The author spent two years studying people with substance abuse problems who were sent to Philadelphia, often on one-way tickets from as far away as Puerto Rico, to live in recovery homes set up in derelict Philadelphia row houses.
"Out of about 100 guys I knew, there is only one today, eight years later, who is still sober. The rest have been in and out of jail and in low-wage jobs," said Robert P. Fairbanks II, Assistant Professor in the School of Social Service Administration at the University of Chicago and author of How it Works, Recovering Citizens in Post-Welfare Philadelphia. The recently published book examines the most needy in the welfare system.
"The book is about a broader relationship between the houses and the city, and it introduces a new approach to studying addiction and urban policy," Fairbanks said. Instead of using conventional measures of success and failures of welfare reform, he said the book "is meant to work backwards from the level of how people are experiencing poverty, up through to the city, state and federal level of urban welfare restructure," he said.
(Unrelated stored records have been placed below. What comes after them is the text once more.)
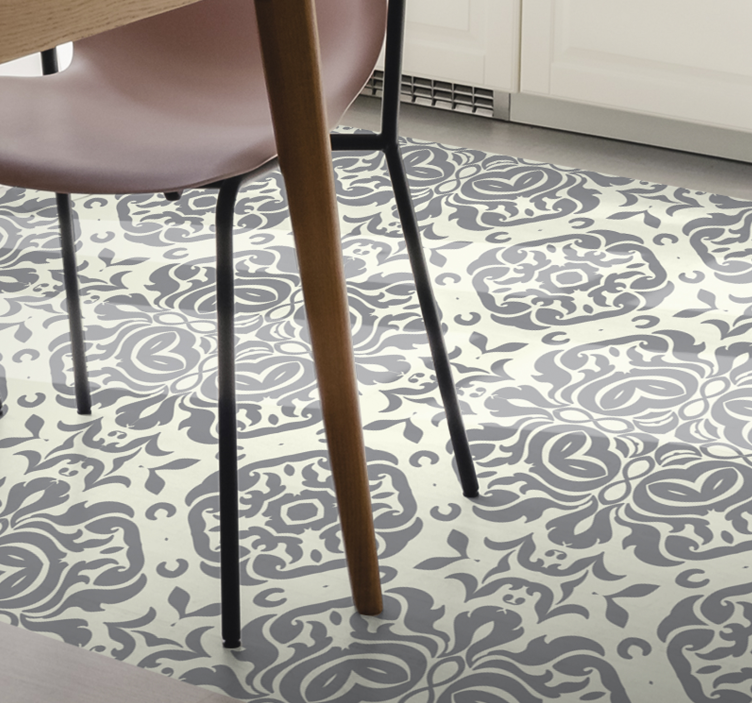 Ruskin grey tile effect vinyl rug - TenStickers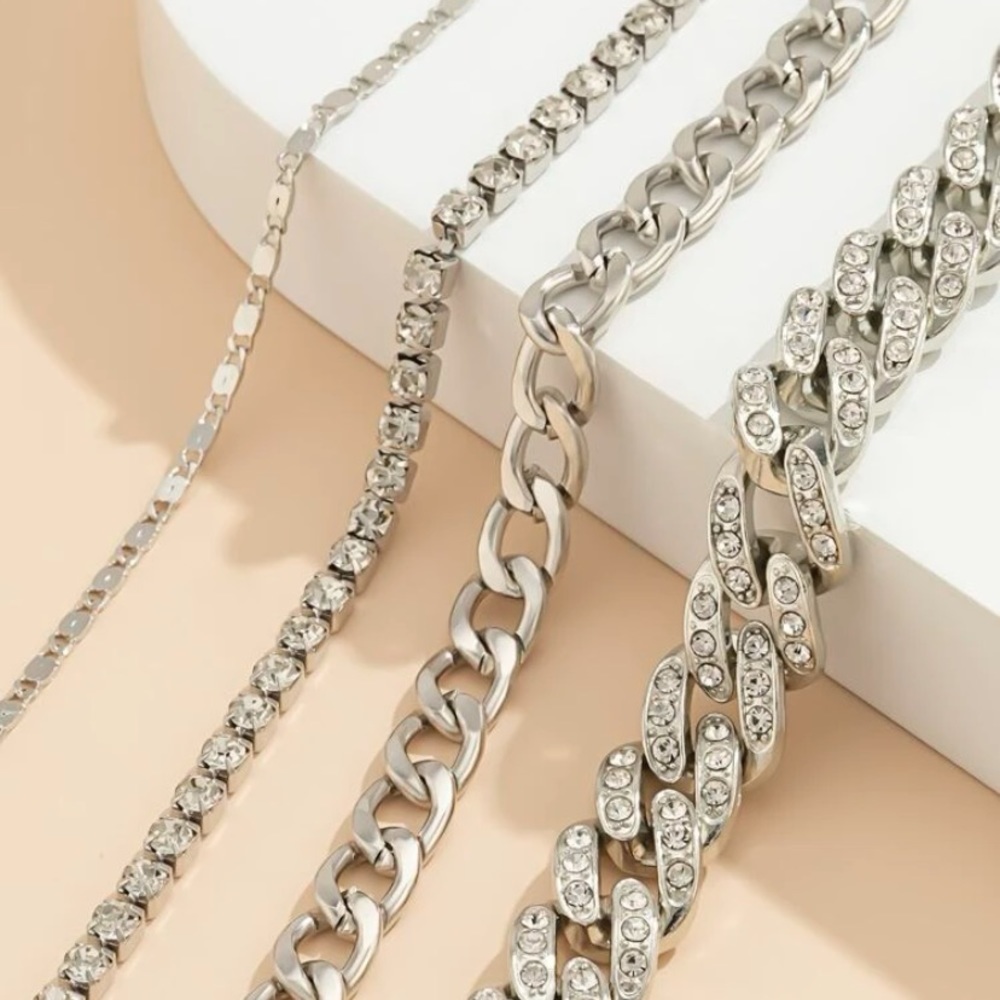 4 pcs Rhinestone Cuban Link Chain Bracelets - Picture 3 of 10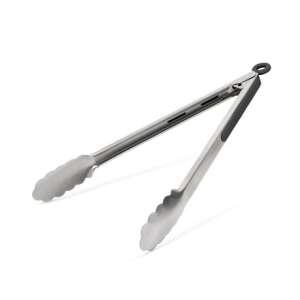 Edelstahl-Grillzange mit schwarzem Gummigriff, 34 cm lang - Gartengrill, Grillzubehör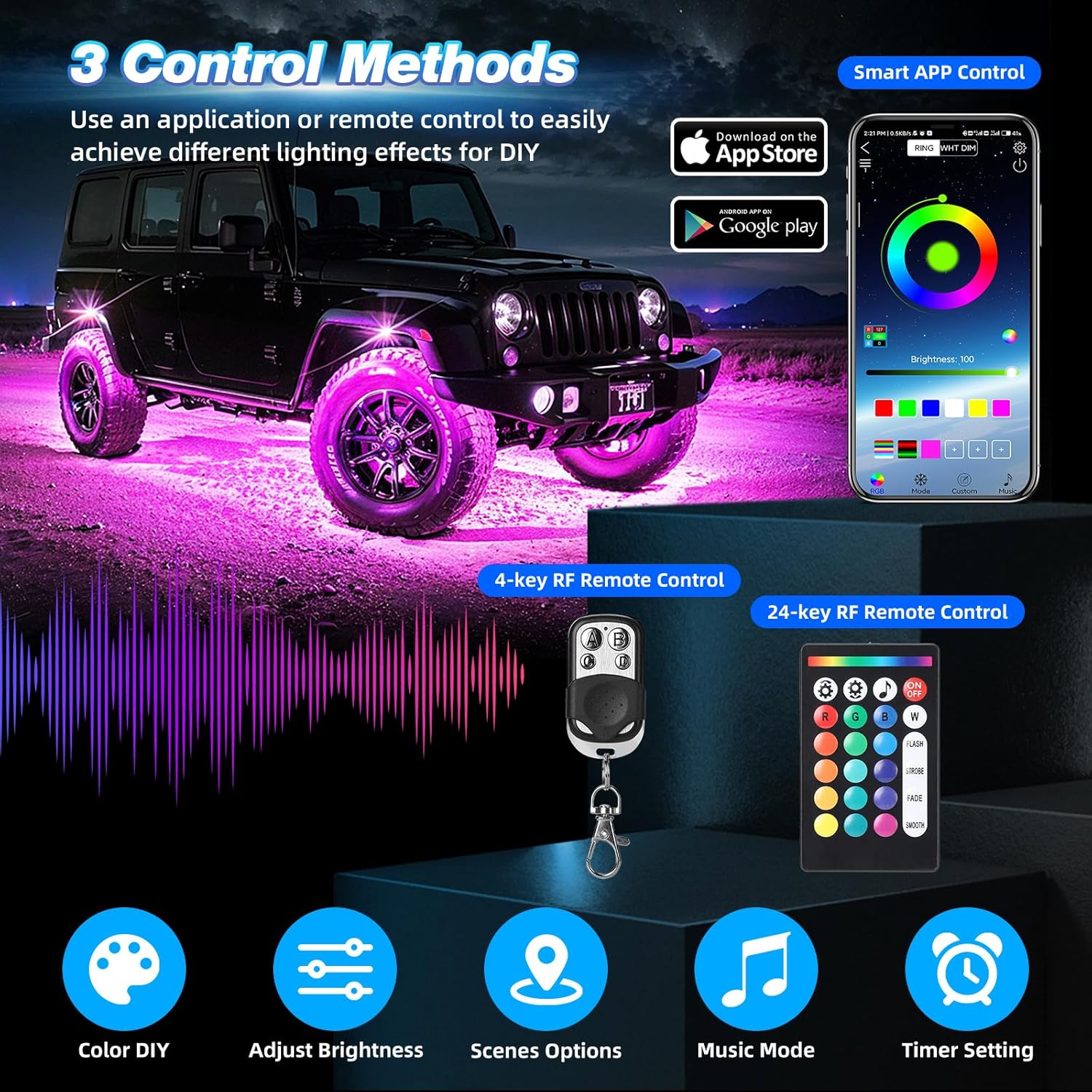 10 cápsulas RGB de aleación LED Rock Lights para carrito de golf, autos, Jeep, UTV, SUV, ATV RZR Whell Well impermeable, a prueba de óxido, a prueba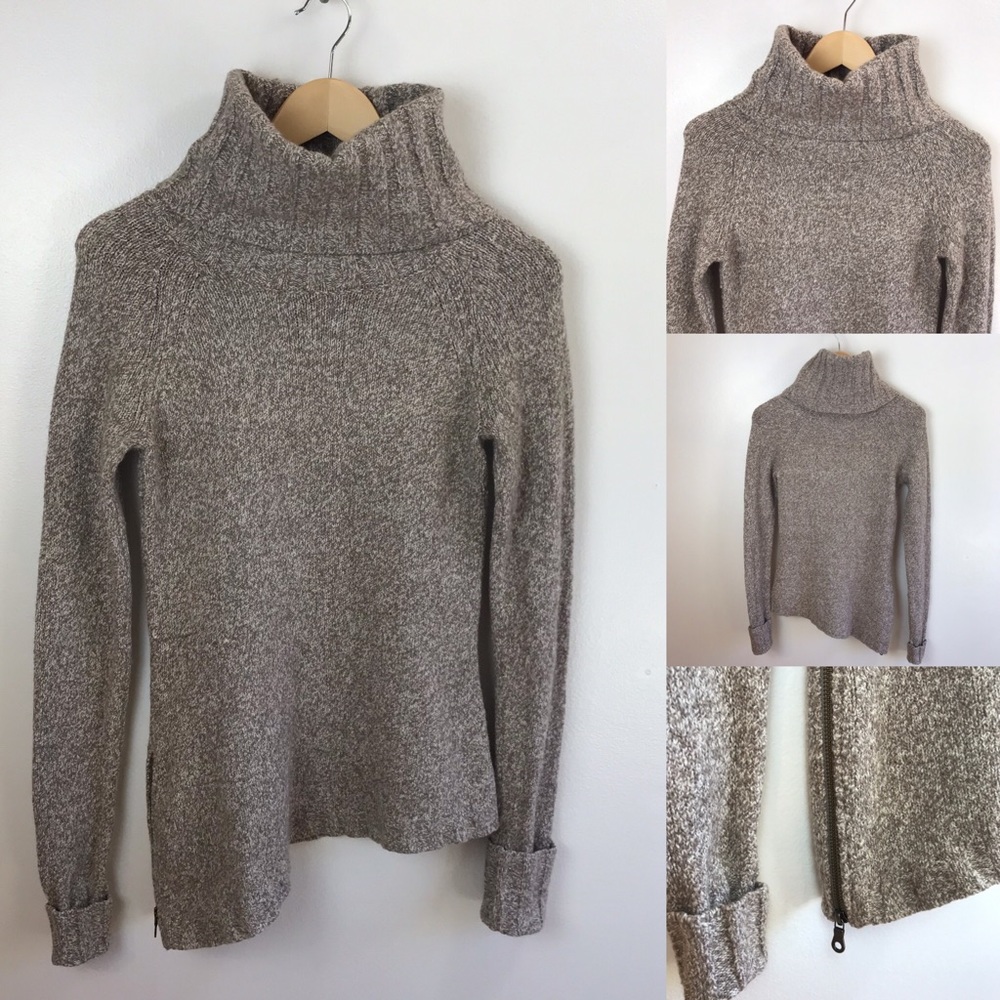 Athleta Turtleneck Asymmetrical Zipper Sweater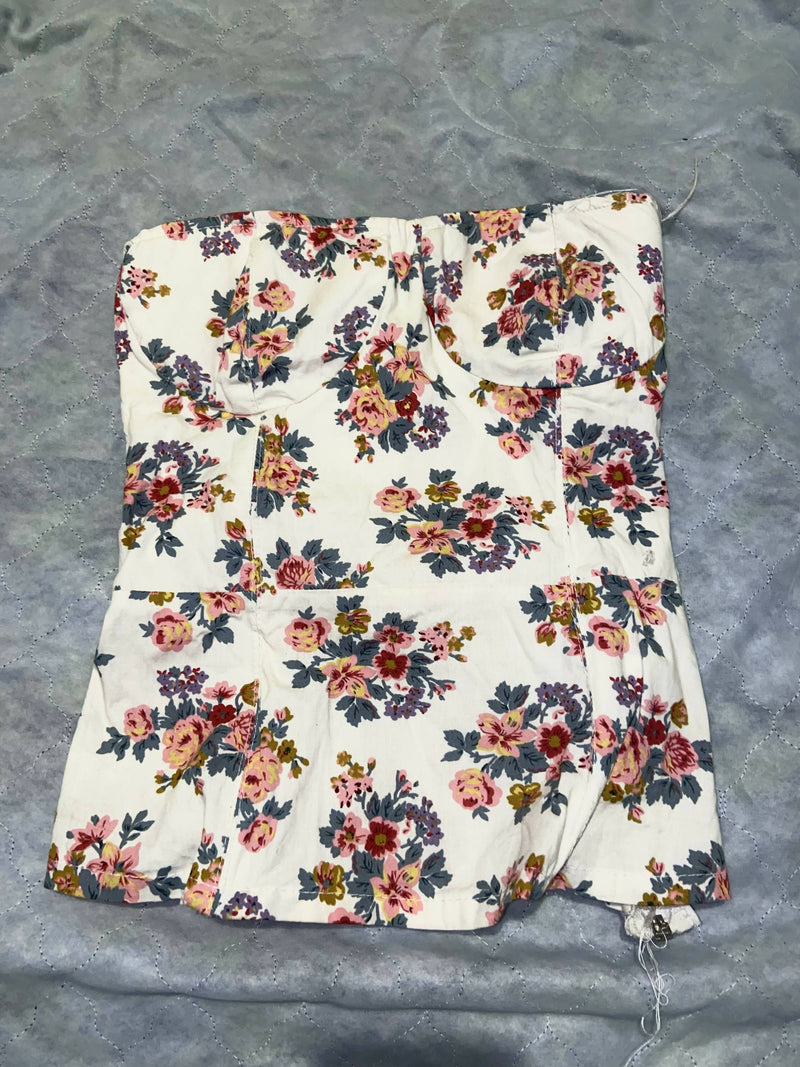 Pull&bear floral strapless top size XXS/XS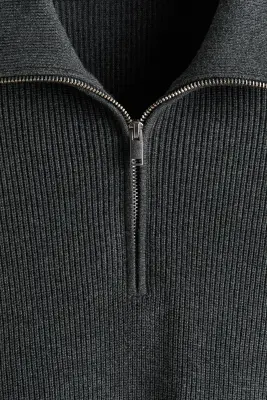 Pull Regular Fit avec col zippé - Gris foncé — photo 5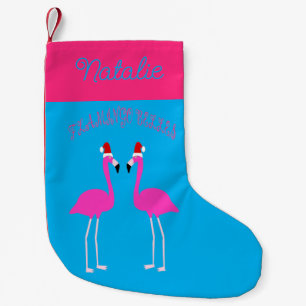 Meia De Natal Pequena Personalizado Flamingos Flamingo Belles de Natal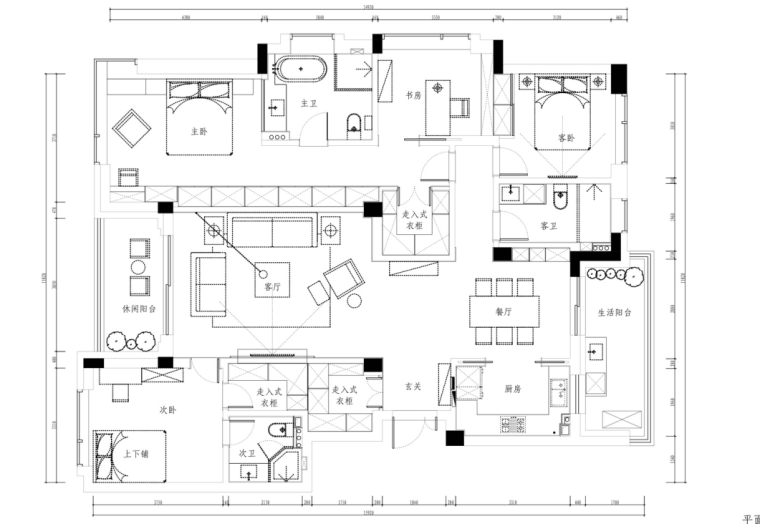 楼盘三居室效果图资料下载-[杭州]凯旋门三居室住宅设计施工图及效果图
Philadelphia has about 60,000 vacant properties; half of them abandoned row houses. The row houses, many formerly occupied by Philadelphia's working class in factory neighborhoods, are remnants of the city's industrial decline. Fairbanks found a new phenomenon in which entrepreneurs set up self-help programs and reused hundreds of the empty houses as facilities for recovering addicts and alcoholics.
The system emerged after welfare reforms in 1982 established a payment of $205 per month for alcoholics and drug addicts. By pooling the payments (which have yet to increase) and by taking advantage of food stamps, these group homes have become sustainable at a subsistence level, and even marginally profitable in some cases.
Operating without a license and unregulated by any government office, the recovery houses provide food, shelter, company and encouragement to addicts who live an area saturated with drugs and devastated by poverty, Fairbanks said. "The houses are often overcrowded, prone to substandard conditions and coercive in the way they treat people. Some are virtuous brotherhoods, in which one addict helps another, and there is everything in between," he said.
Policymakers and others interested in poverty have much to learn from the experiences in Philadelphia. The row house system shows how the city allows the situation to continue and how the national government and state government permits the arrangement to continue. "There are lessons here for national conversations, of how the federal government and then the state, dumps the problem on the city, which ultimately dumps it on the neighborhood," Fairbanks said.
The solutions to the problem may not be easy, but Fairbanks said that the experiences of people in desperate situations in Philadelphia provide insights. "These backsliding stories actually explain a new kind of poverty management system," he said. "The failures of the system lead to other regulatory encounters, with workfare programs, child support systems and in some cases involvement with the criminal justice system. These experiences provide insights that inform scholarship on the broader restructuring of the welfare system and the postindustrial city."